(Pictures with short captions)
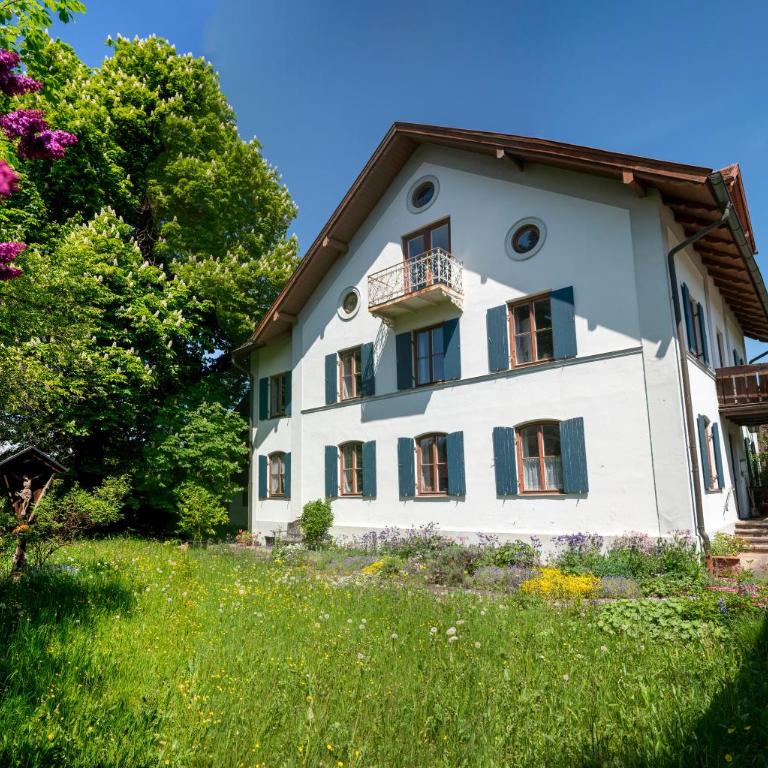 Landhauswohnung mit wildromantischem Garten - Apartment mit 2 Schlafzimmern - 1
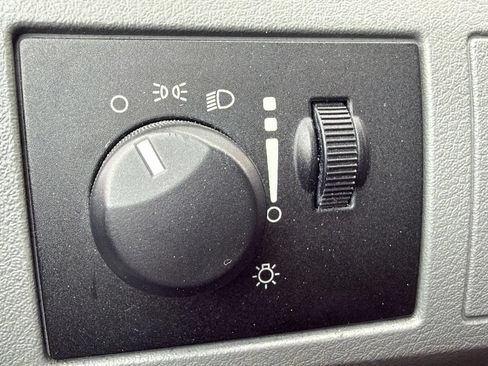 Used 2010 Dodge Grand Caravan SE w/ Climate Group FWD image 32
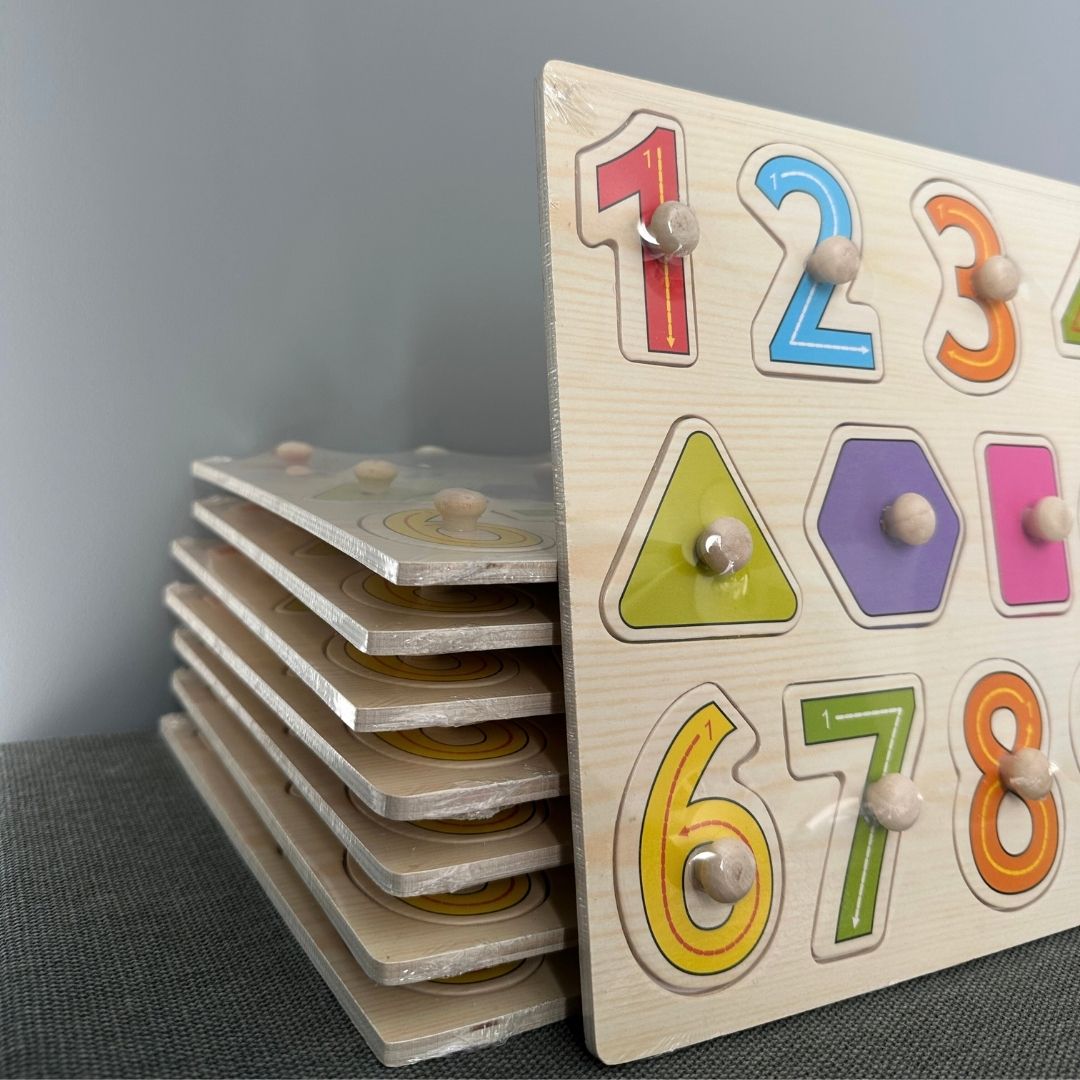 Puzzle incastru din lemn - Cifre și Forme geometrice, 2 ani+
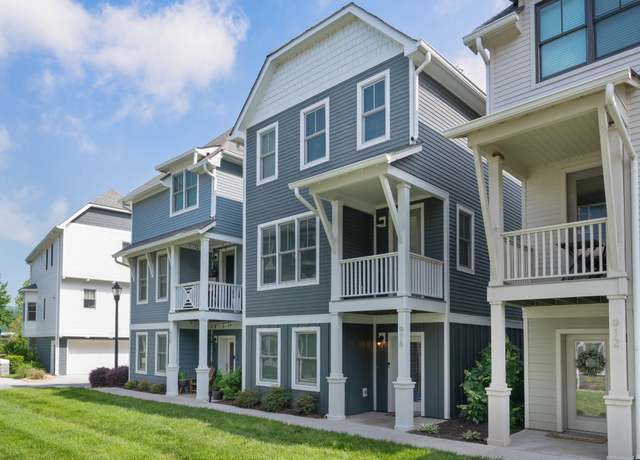 Property at 916 Islander Way, Chattanooga, TN 37402, 3 beds, 3.5 baths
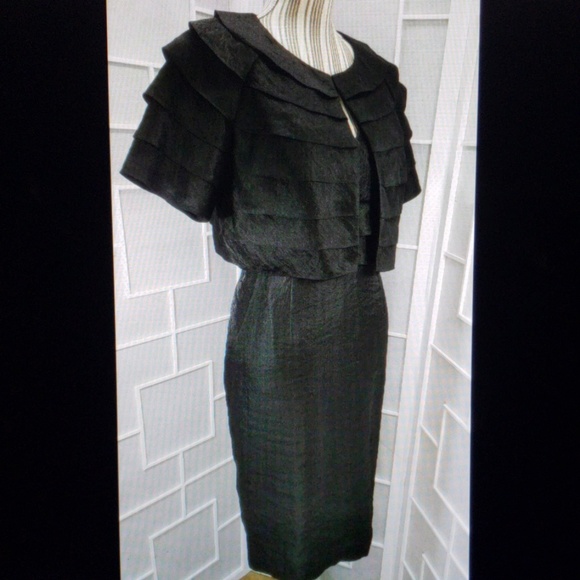 Sz 10 2PC Adrianna Papell Crop Jacket & Dres - Picture 2 of 8
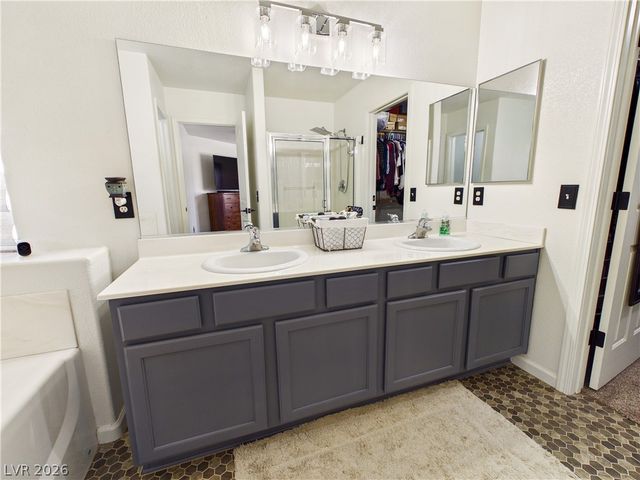 5380 East Chasemoor Street, Pahrump, NV 89061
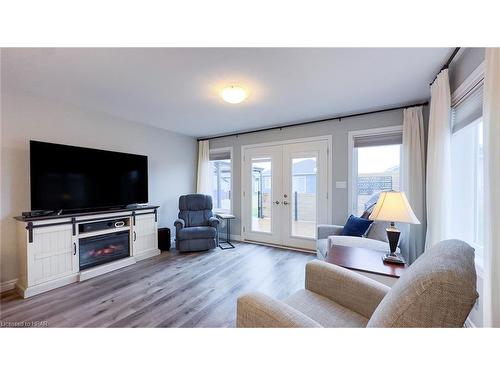 103 Huron Heights Drive, Ashfield-Colborne-Wawanosh, ON - Indoor Photo Showing Living Room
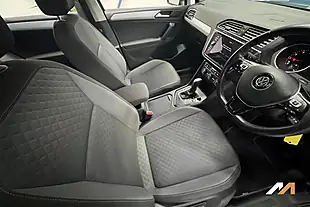 Used 2020 Volkswagen Tiguan Match Grey - Interior and Exterior details 18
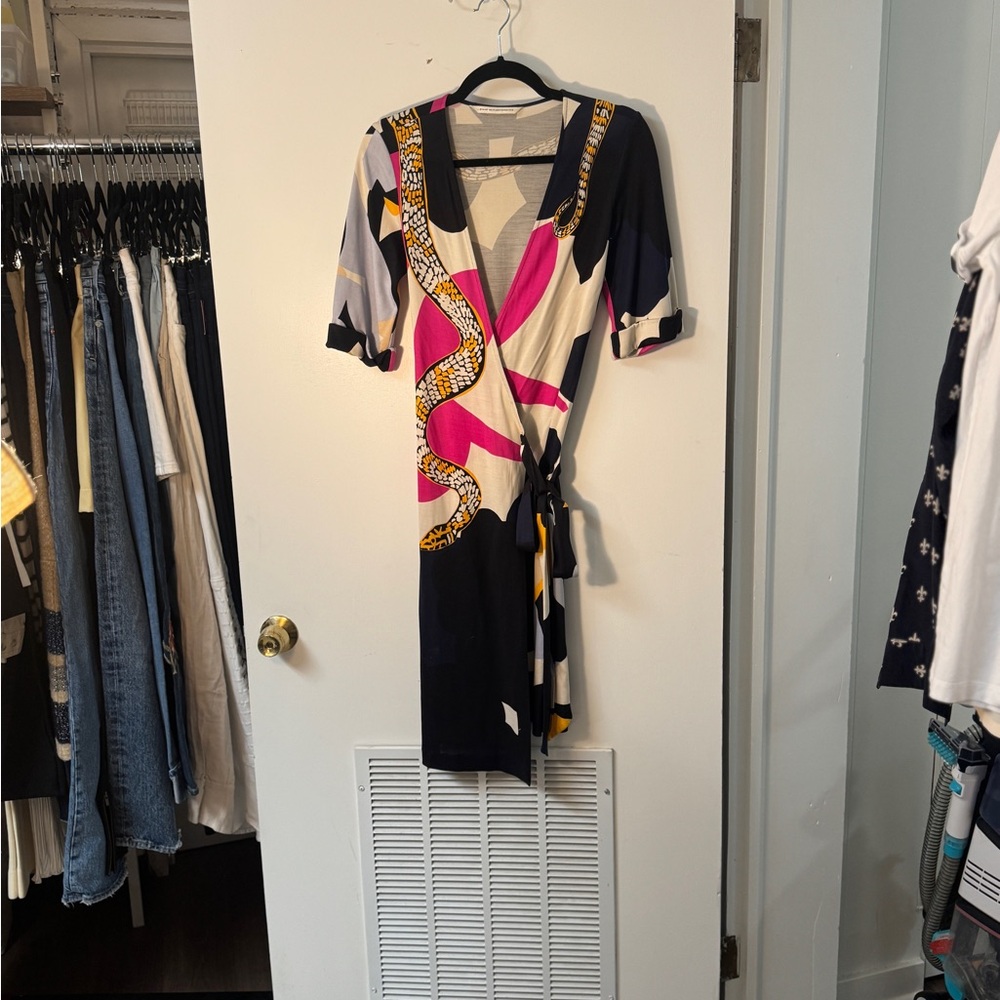 Diane Von Furstenberg • Short Sleeve Wrap Dress • Small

• **Task directions**
Quote, please, only the lines running from the one with "5380 East Chasemoor" down to the final line of the data above, keeping both ends and skipping the pictures.

• **Answer to the problem**
 5380 East Chasemoor Street, Pahrump, NV 89061
 103 Huron Heights Drive, Ashfield-Colborne-Wawanosh, ON - Indoor Photo Showing Living Room
 Used 2020 Volkswagen Tiguan Match Grey - Interior and Exterior details 18
 Diane Von Furstenberg • Short Sleeve Wrap Dress • Small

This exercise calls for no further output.